1. This writ appeal is directed against the judgment dated 11-1-1984 in Order P. No. 273 of 1984-L. The writ petition was for the issue of a writ of certiorari for quashing the proceedings for the acquisition of 7 cents of land mentioned in the writ petition. There is also a prayer in the writ petition not to evict the petitioners from the land in question. The learned Judge in the judgment under appeal found that the petitioners did not question the bona fide character of the acquisition, but only wanted that their land should not be acquired and sonic other land which according to them is more suitable should be acquired. What the counsel for the appellants submitted before us is that it is actually the landlord under whom the petitioners are tenants in shop building who is behind the acquisition and therefore land acquisition proceedings are vitiated by mala fides. We find it difficult to agree with this reasoning advanced by the counsel for the appellants. Mala fides of the land acquisition authorities has to be clearly distinguished from the alleged mala fides of the land owner or the landlord.

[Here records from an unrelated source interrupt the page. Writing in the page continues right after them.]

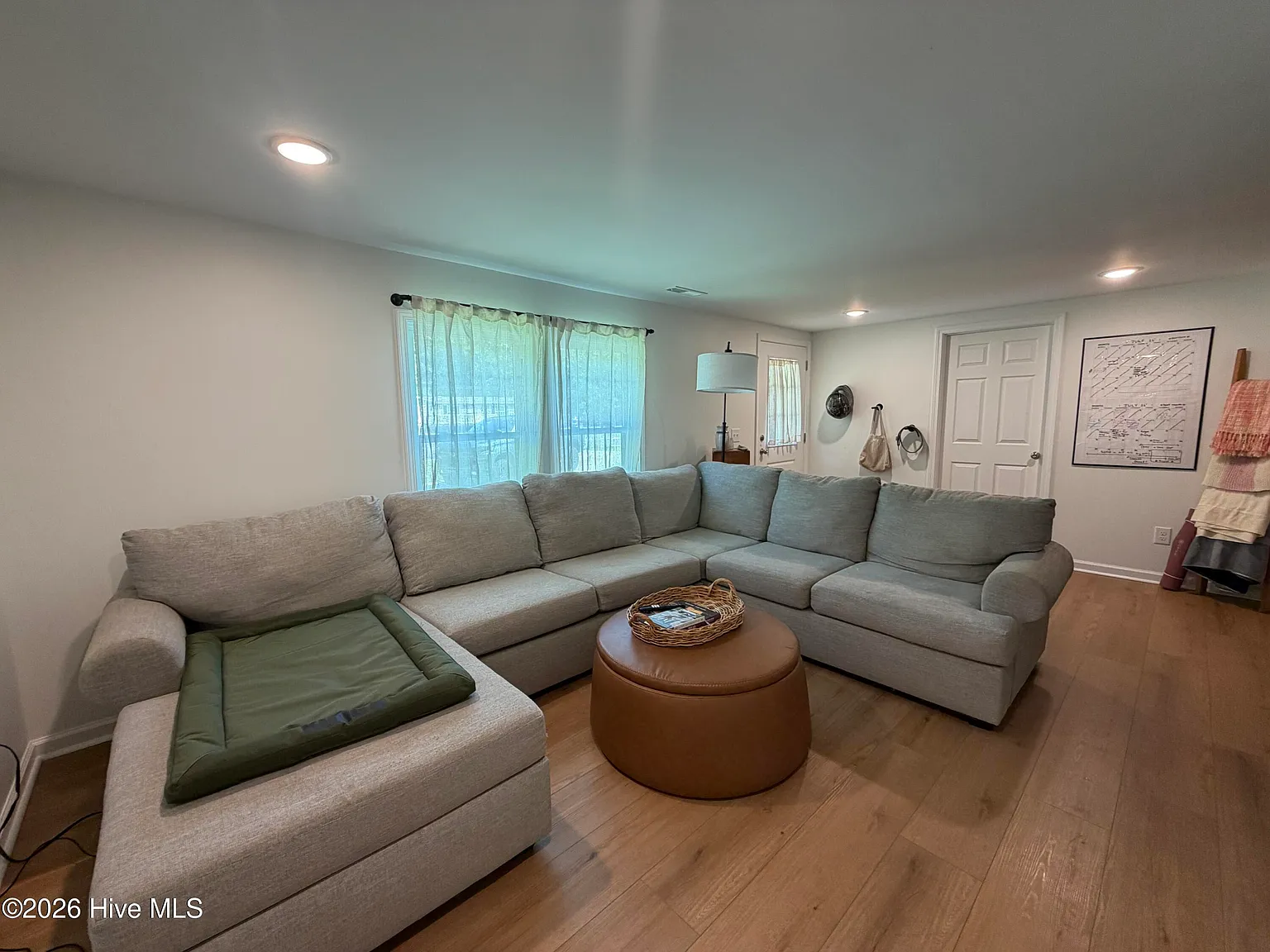 3 bed, 2.0 bath, $2,400 — Photo 2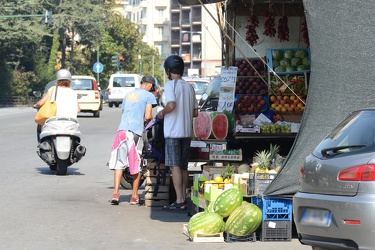Genova - i venditori ambulanri di angurie e frutta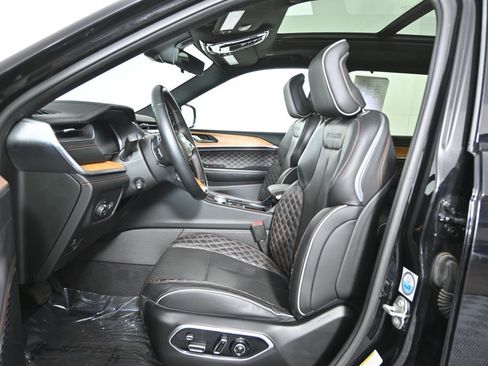 Used 2021 Jeep Grand Cherokee L Summit image 22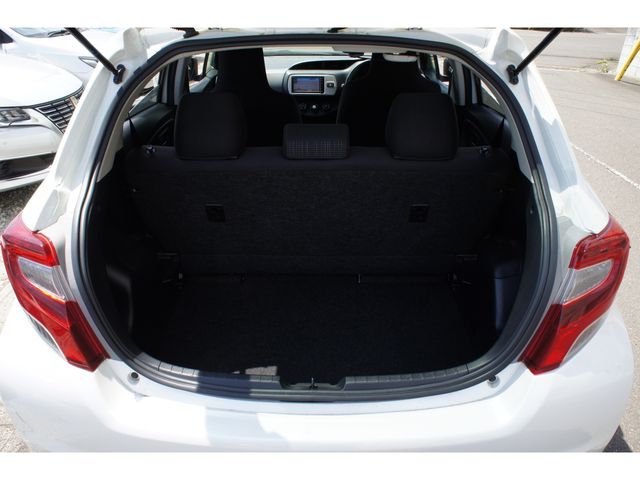 Toyota VITZ 2016-04 5573-9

2. The counsel also relied on the decision of the Supreme Court in State of Punjab v. Gurdial Singh, AIR 1980 SC 319. That was a ease where a particular plot was chosen to be acquired for a public purpose way back in 1962. In 197l, the Government under the pressure of an M.L.A. sought to acquire the land of the respondents before the Supreme Court. There, on the facts and circumstances of the case, Krishna lyer, J,, who spoke for the Bench, observed :
'By these canons, it is easy to hold that where one of the requisites of Section 4 or Section 6, viz., that the particular land is needed for the public purpose in view, is shown to be not the goal pursued but the private satisfaction of wreaking vengeance if the moving consideration in the selection of the land is an extraneous one, the law is derailed and the exercise is bad.'
In this case, the appellants-petitioners have no case that what was chosen originally has been given up and a new site has been sought to be acquired yielding to the pressure of an influential person; this decision, therefore, is clearly not applicable.
The result is that the writ appeal is dismissed in limine.